Third-party risk management : Recent research found that 70% of businesses found third-party breaches or cyberattacks in 2022 resulting from excess privileged access to third parties. It has often been found that cost and timing interfere with businesses' responsibility for vendor security compliance. Efficient in reducing costs and risk exposure, Information Sharing and Analysis Centers (ISACs) automate evidence collection and sector-specific risk assessments to measure third-party vendors for security and data risk. Its most significant advantage for businesses is complete visibility through a proper vendor repository.

Asset inventory and device authorization : These can help enterprises protect their critical assets by identifying vulnerabilities in specific devices based on the device type, manufacturer, and version. They can also regulate access authentications, optimize efficiency, and identify faults in connected devices.

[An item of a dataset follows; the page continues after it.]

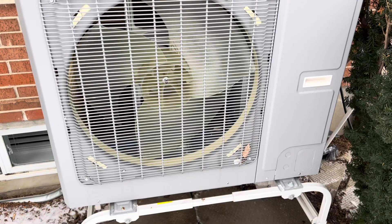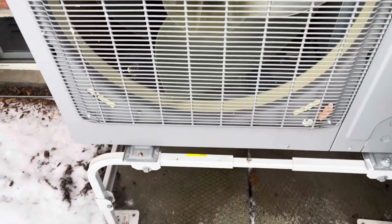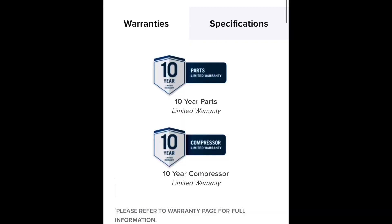My installers put in a rebadged GRI Flex unit. In my earlier videos I said it was made in Canada because I trusted the website — it said 'made in Canada' because it's a rebadged Napoleon unit. Napoleon is a Canadian brand, but they ship these in from China. They still honor the 10-year warranty on the compressor and unit, which is fine by me. GRI Flex is a super popular brand for being one of the more affordable but well-made units, and I've been happy with it.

Decoys and simulation : Viewing cyber posture through the eyes of rogue elements, novel tools are designed using fictitious elements such as decoy assets or user credentials, including SCADAs. These can effectively divert attackers and thwart cyberattacks. In addition, impending cyber threats are simulated, exposing the enterprise, hardening them, and preparing them in the face of imminent danger.

It is positive to see many businesses proactively take steps to mitigate threats and risks. Cybersecurity is no longer an added strength for an enterprise. It is a necessity. Business leaders and Chief Information Security Officers (CISOs) will do well to be non-negotiable when it comes to fortifying their critical assets against breaches and attacks.